In article <413@yabbie.rmit.oz> rcodi@yabbie.rmit.oz (Ian Donaldson) writes:
> 
> It is not sensible to ensure that *every* write be syncronously updated
> to disk.  To do this would incurr enormous disk overheads.  Picture
> doing a write of 2 bytes here and then 3 bytes there -- both in the same
> disk block -- it requires 2 disk writes to do it.  If it wasn't important
> that the 2 bytes be syncronously written before the 3 bytes then why
> go to the effort to do it?  If it was important, then fine, we must live
> with it.  The thing is, that most times it *isn't* necessary.

Then don't set O_SYNC for that file.  For your typical database with
transactions, writes to the log file must be guaranteed.

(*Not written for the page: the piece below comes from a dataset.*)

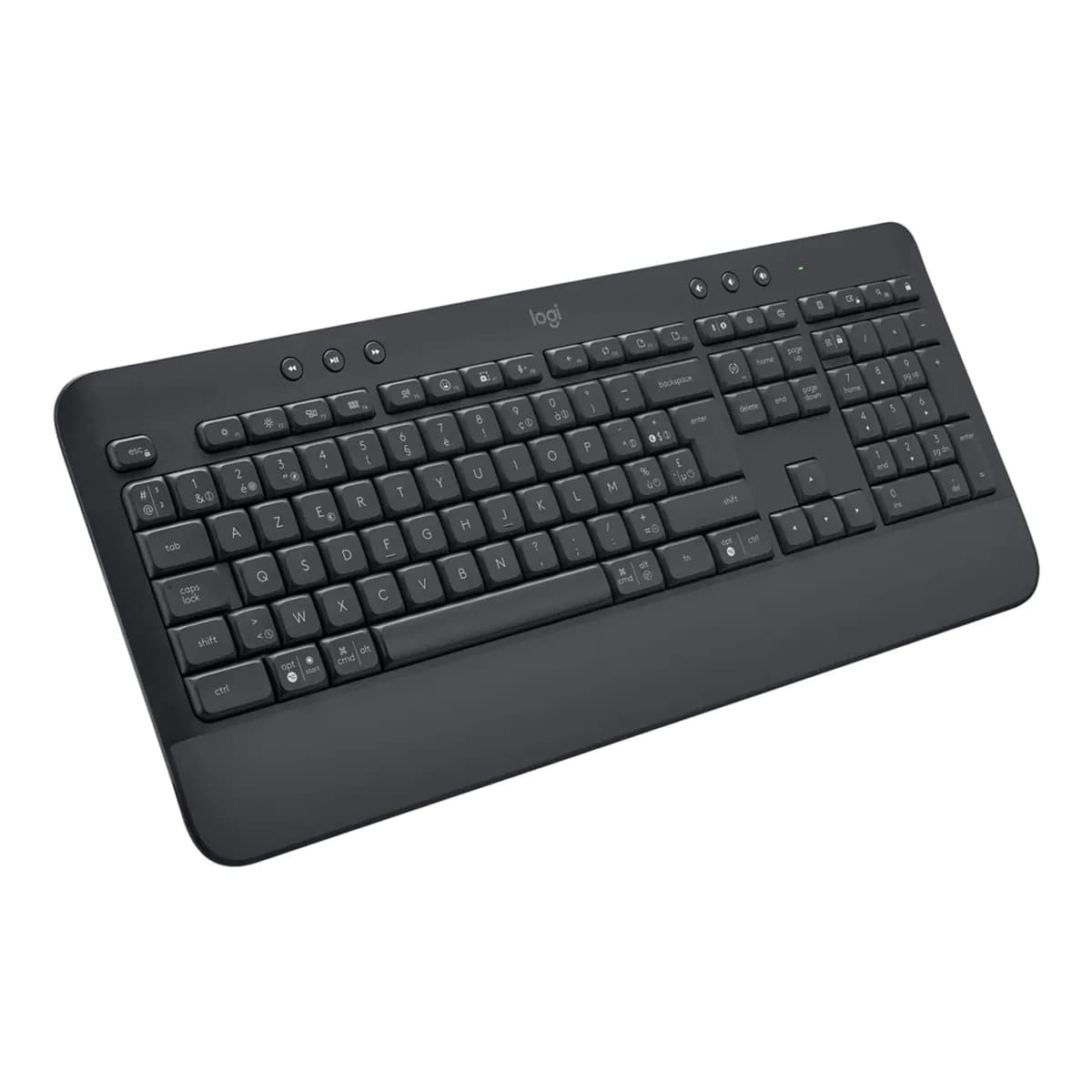 TECLADO LOGITECH K650 SIGNATURE BT LOGIBOLT WIRELESS BLACK — imagen 8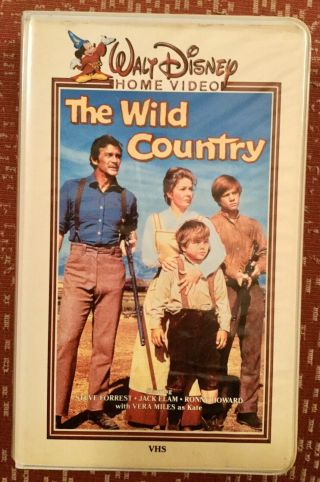 Rare White Case Disney " The Wild Country "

> I suppose that you could open the file twice with SVR[23], one
> with O_SYNC and one without to acheive a similar effect, but then you 
> have all sorts of problems if you use a buffered package such as stdio 
> to do I/O on them, unless you use the O_SYNC fd for just flushing
> blocks (even that won't work properly unless you rewrite all the
> blocks you wrote with the non O_SYNC fd).

I believe you can also set O_SYNC on/off with fcntl at any time.  This
avoids the problems you mentioned above.
-- 
	Michael Meissner, Data General	Uucp: ...mcnc!rti-sel!dg_rtp!meissner

It is 11pm, do you know what your sendmail and uucico are doing?